• [Prompt]
Starting at the line that contains "Quirky Apt - Sleeps", copy every line to the end of the material below exactly, and omit the pictures.

• [Records for this task]
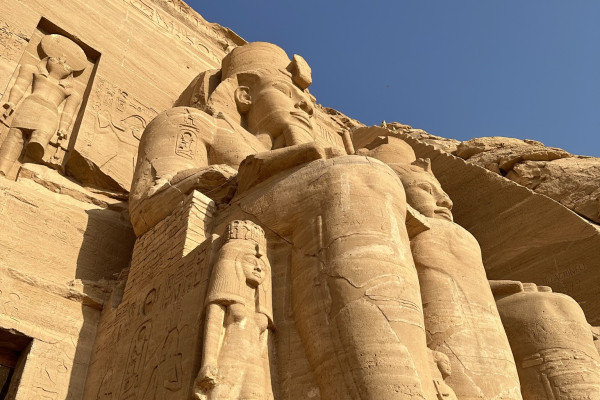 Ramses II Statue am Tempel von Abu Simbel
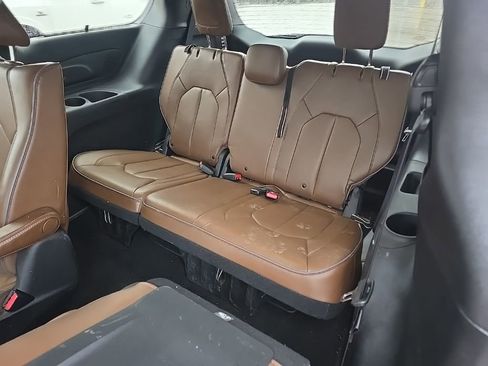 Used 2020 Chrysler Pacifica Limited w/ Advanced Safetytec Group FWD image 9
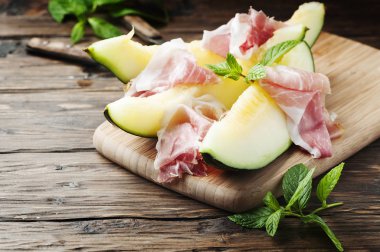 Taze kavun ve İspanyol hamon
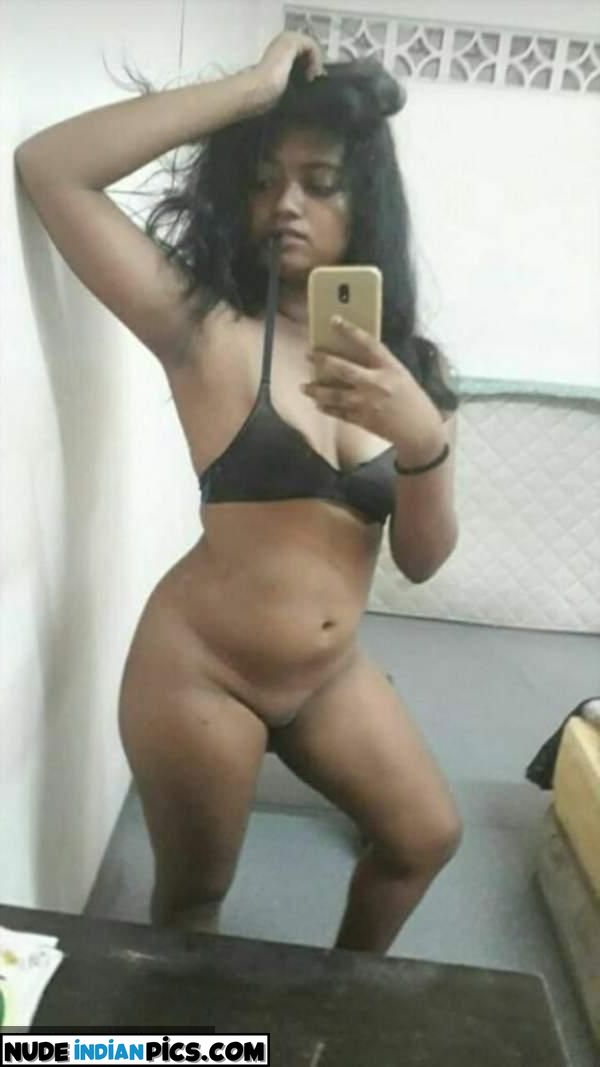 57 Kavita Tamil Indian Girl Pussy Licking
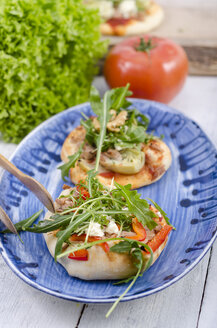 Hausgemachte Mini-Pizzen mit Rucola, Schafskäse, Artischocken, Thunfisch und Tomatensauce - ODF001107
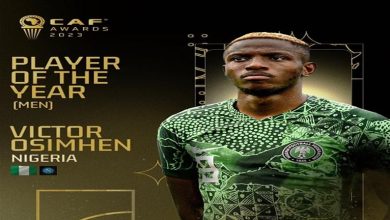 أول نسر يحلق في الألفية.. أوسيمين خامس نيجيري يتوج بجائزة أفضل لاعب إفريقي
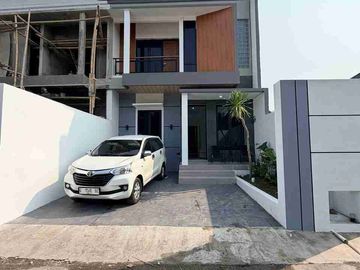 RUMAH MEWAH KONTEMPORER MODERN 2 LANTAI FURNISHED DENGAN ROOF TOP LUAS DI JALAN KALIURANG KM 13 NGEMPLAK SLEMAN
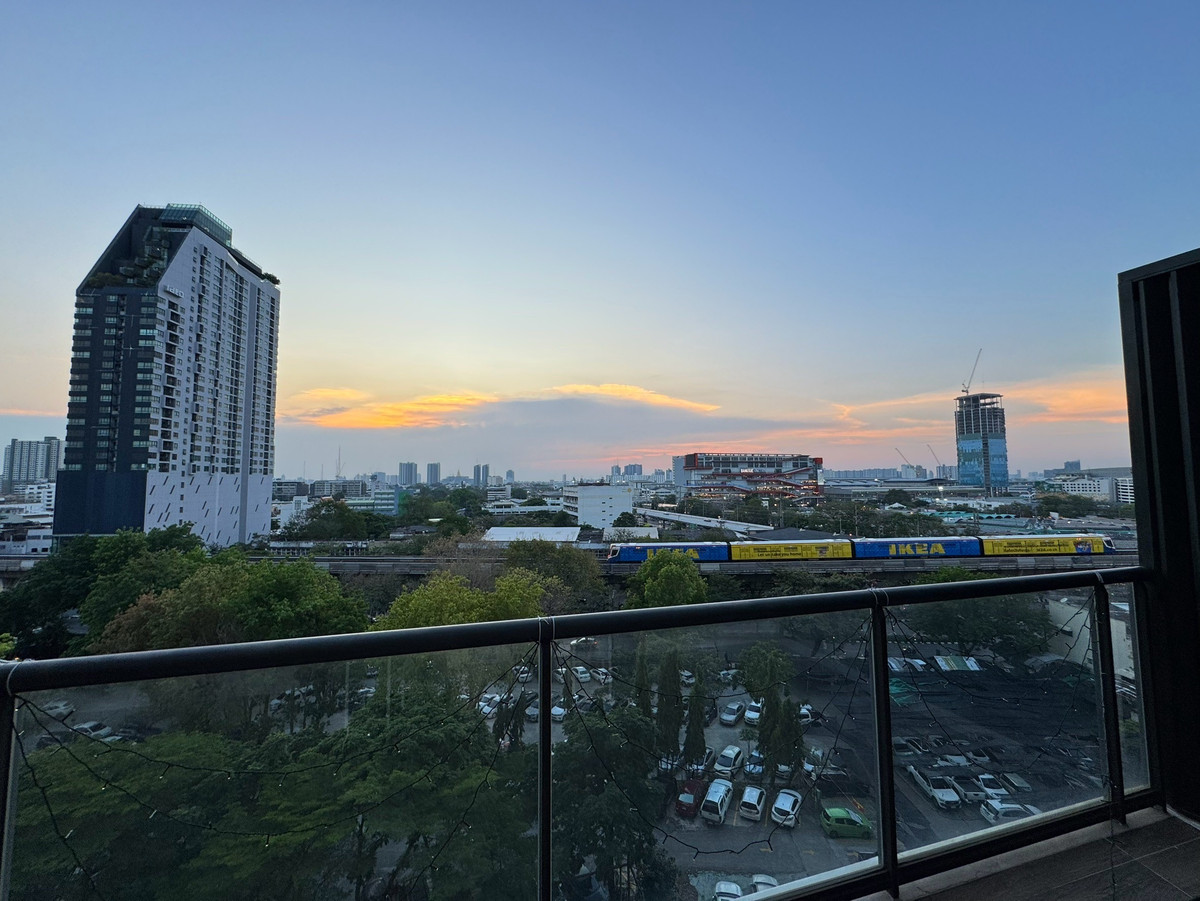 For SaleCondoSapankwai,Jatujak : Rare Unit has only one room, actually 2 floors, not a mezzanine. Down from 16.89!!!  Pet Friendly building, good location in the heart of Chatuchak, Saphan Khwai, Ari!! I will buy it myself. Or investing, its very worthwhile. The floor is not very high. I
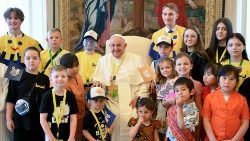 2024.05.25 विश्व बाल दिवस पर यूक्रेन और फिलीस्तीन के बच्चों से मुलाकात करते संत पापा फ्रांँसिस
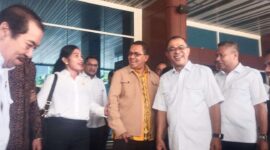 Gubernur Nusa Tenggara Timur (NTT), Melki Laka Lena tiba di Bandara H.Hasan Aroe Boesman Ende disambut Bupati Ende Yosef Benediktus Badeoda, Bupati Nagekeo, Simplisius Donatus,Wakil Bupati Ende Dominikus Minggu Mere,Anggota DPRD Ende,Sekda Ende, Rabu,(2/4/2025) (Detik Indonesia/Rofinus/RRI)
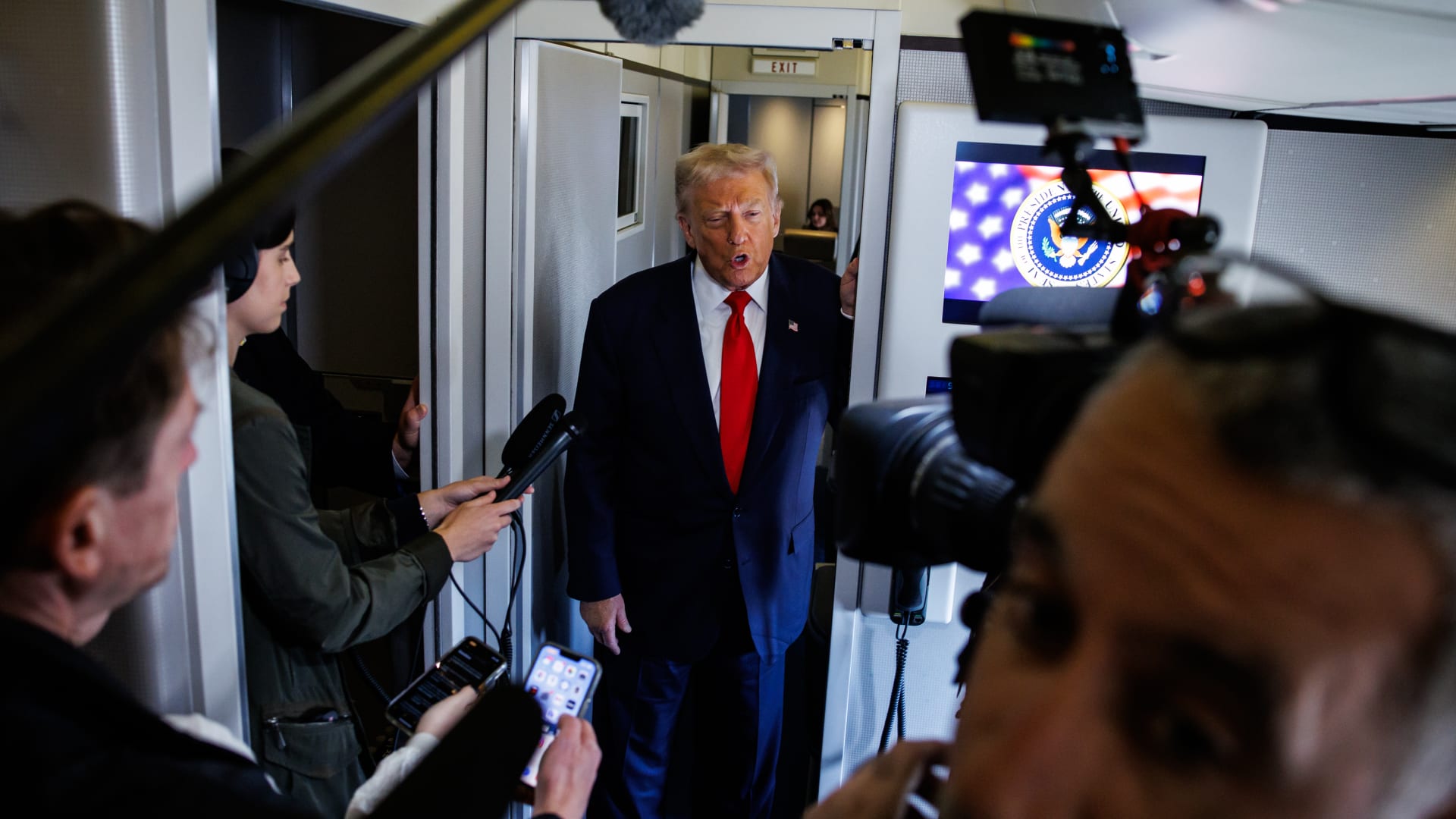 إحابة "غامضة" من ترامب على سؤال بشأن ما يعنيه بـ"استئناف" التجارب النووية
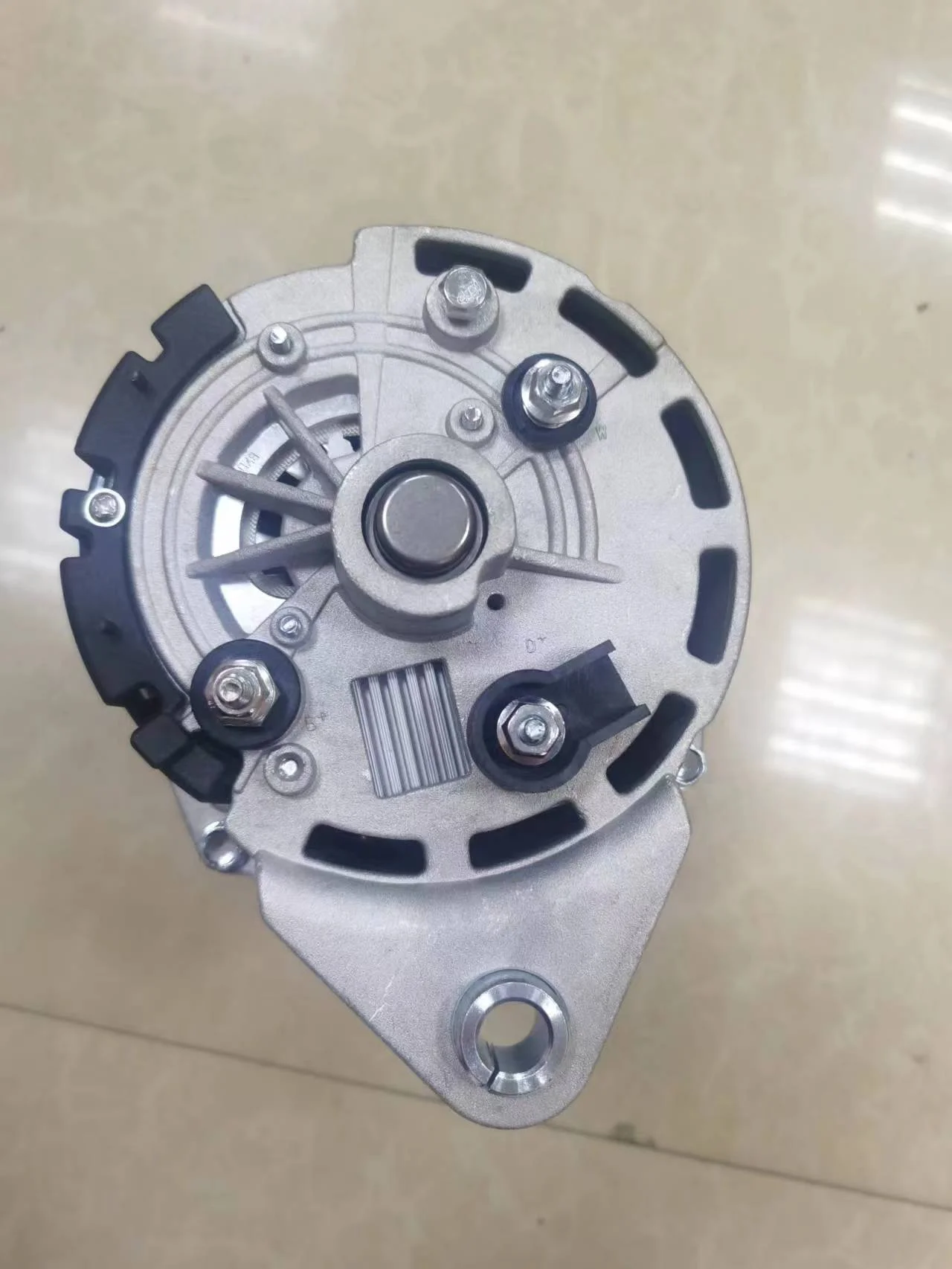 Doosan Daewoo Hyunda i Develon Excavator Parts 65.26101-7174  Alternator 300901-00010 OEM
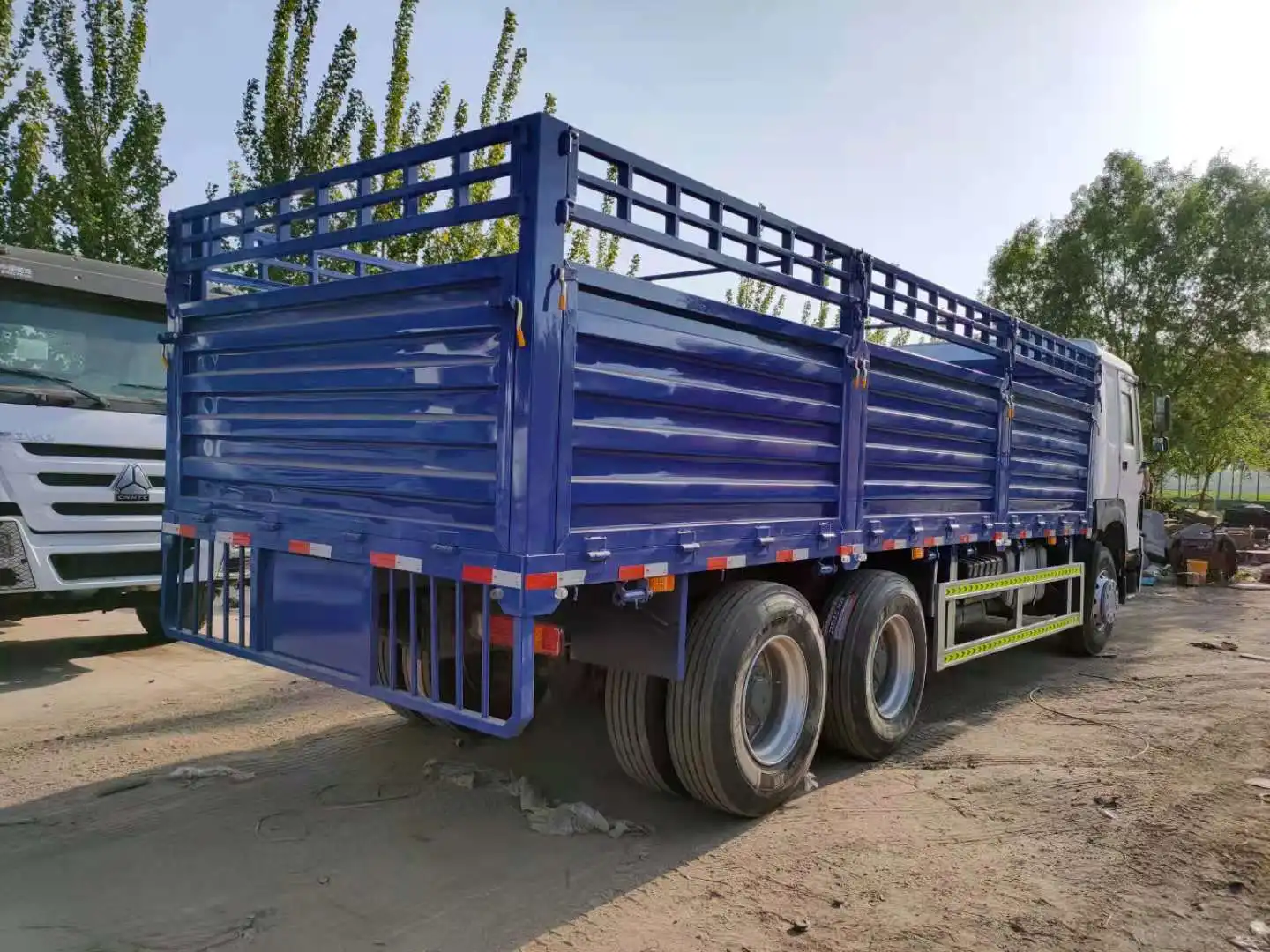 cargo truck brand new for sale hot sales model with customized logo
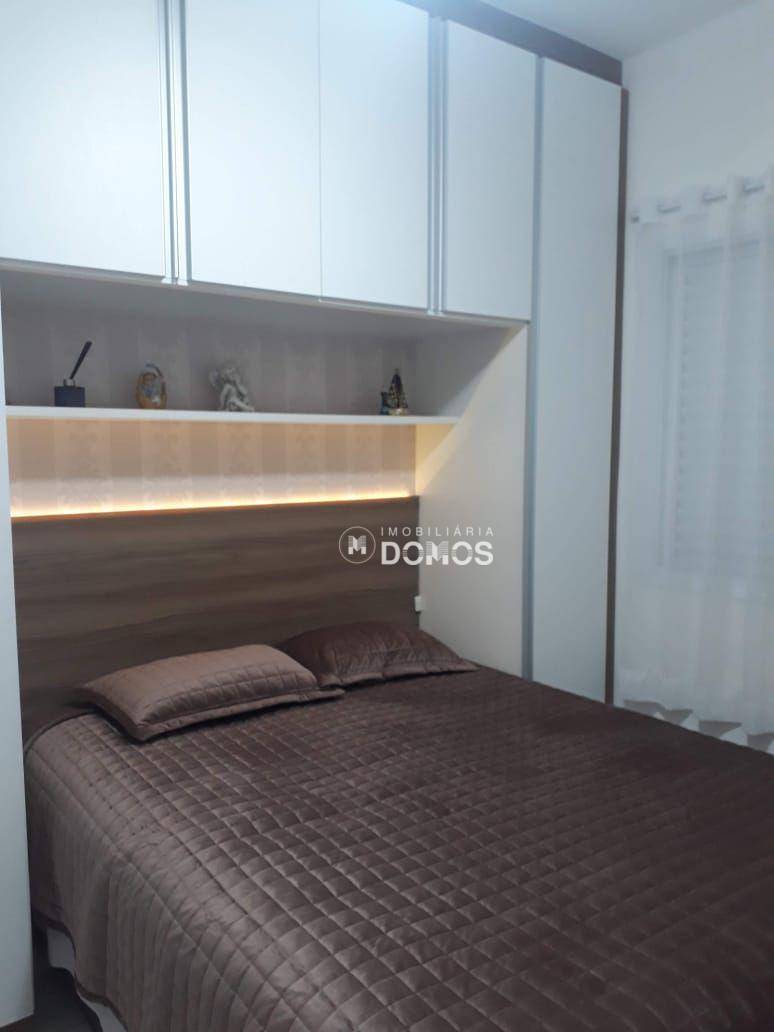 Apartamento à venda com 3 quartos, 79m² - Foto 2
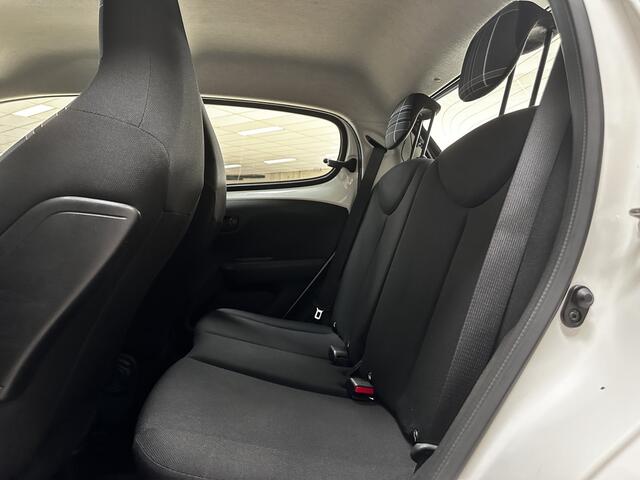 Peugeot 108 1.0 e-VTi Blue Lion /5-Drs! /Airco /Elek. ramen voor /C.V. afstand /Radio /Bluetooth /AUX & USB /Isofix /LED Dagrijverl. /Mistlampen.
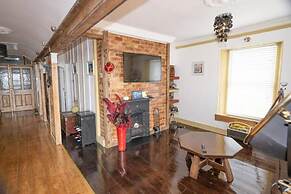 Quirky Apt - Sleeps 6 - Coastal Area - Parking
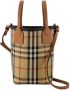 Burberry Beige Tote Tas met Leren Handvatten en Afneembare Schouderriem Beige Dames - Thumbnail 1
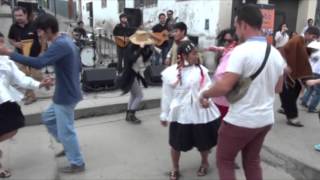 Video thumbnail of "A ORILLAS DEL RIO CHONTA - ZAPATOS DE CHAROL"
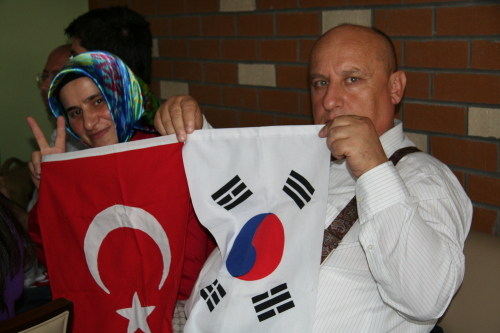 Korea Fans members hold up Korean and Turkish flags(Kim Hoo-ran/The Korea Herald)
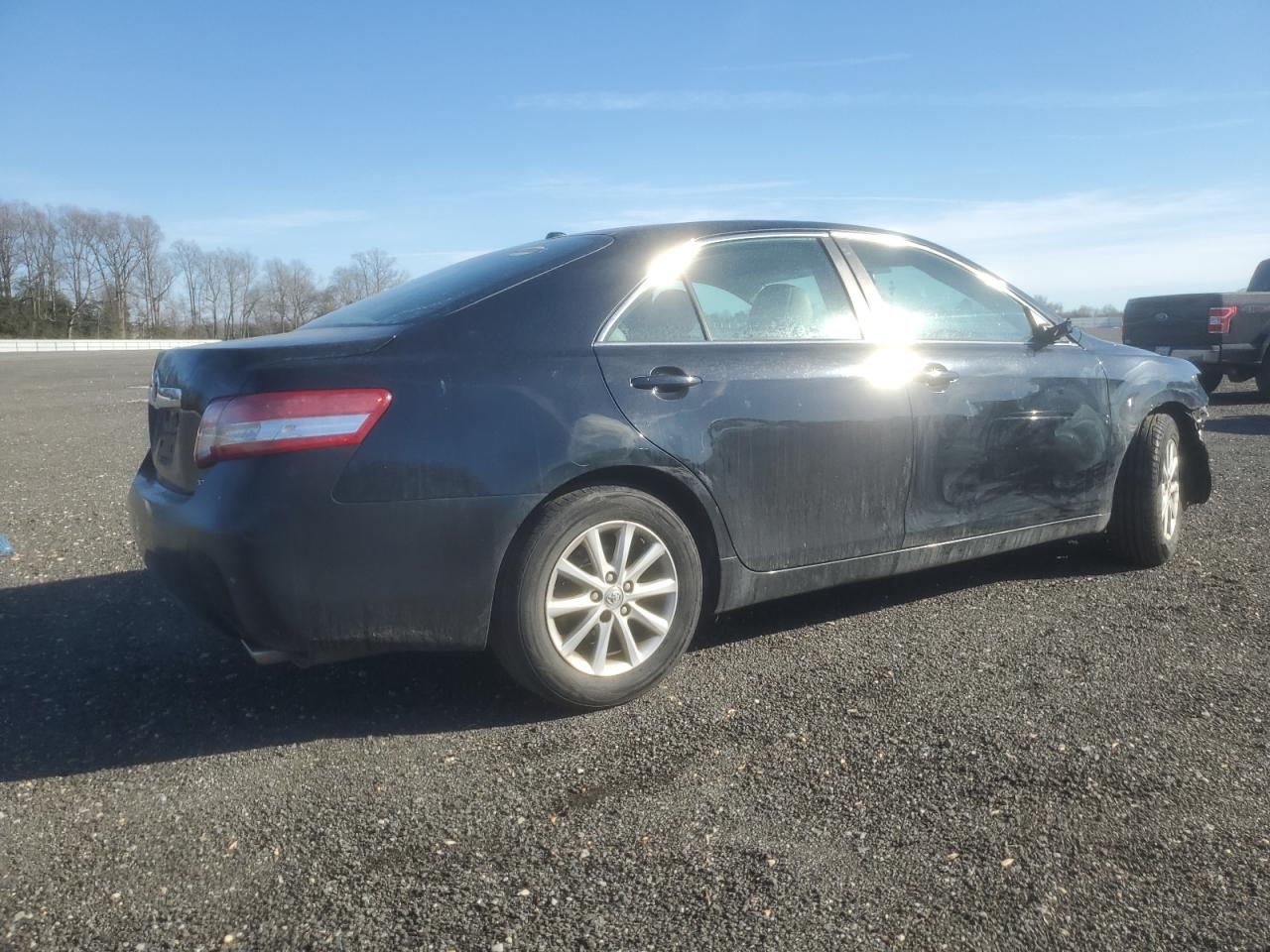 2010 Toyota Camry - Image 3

• [Solution to the exercise]
 Quirky Apt - Sleeps 6 - Coastal Area - Parking
 Burberry Beige Tote Tas met Leren Handvatten en Afneembare Schouderriem Beige Dames - Thumbnail 1
 Video thumbnail of "A ORILLAS DEL RIO CHONTA - ZAPATOS DE CHAROL"
 Korea Fans members hold up Korean and Turkish flags(Kim Hoo-ran/The Korea Herald)
 2010 Toyota Camry - Image 3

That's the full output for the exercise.